Editing and summarizing the following article because its closer to home:
With the world ‘moving a little closer’ to a trade war, what’s the impact on Singapore?
SG – Export heavy.
SINGAPORE: As trade friction between the United States and China heats up with mutually-threatened tariffs kicking in on Friday (Jul 6), the world seems to be “moving a little closer” to an all-out trade war – a scenario that will weigh on Singapore’s economy, economists said.
While united in the view that a global trade war, if it happens, will have an impact on Singapore’s gross domestic product (GDP), experts differed on the extent of the damage.
For instance, estimates of downside risk to growth this year ranged from 0.2 percentage points to 0.8 percentage points.
The 25 per cent tariff levied by the US on US$34 billion (S$46 billion) worth of Chinese products across 818 categories is set to take effect just after Friday midday in China.
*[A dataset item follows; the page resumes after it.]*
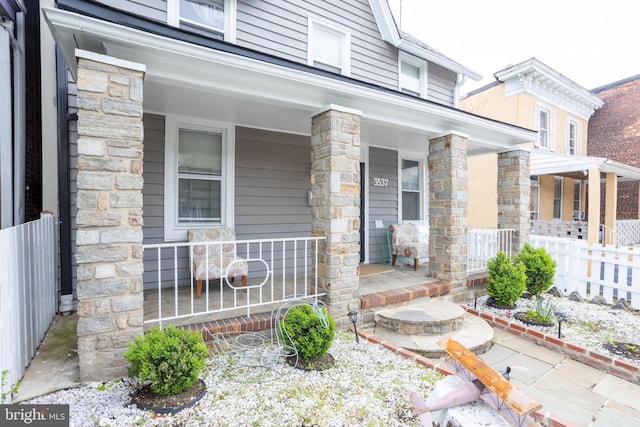 entrance to property featuring stone siding, fence, and covered porch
Beijing has said that it will respond the instant these measures kick in with tariffs on the same value of US goods, including vehicles and agricultural products.
Economists are particularly worried about the potential retaliation to the latter, which could cause the ongoing trade spat to evolve into a full-blown trade war.
“(The 10 per cent tariffs on US$200 billion of Chinese goods) marks a significant intensification of hostilities and a more substantial macroeconomic impact, with total targeted Chinese trade now 10 per cent of Chinese exports.”
If all the tariff threats materialise, global trade flows and financial markets will be hit.
“The increase in tariffs will have an impact on global trade. Another is the reaction from financial markets, which could fall given the flight to safe haven. We can expect the US dollar to appreciate and correspondingly, some of the Asian currencies to depreciate,” she explained.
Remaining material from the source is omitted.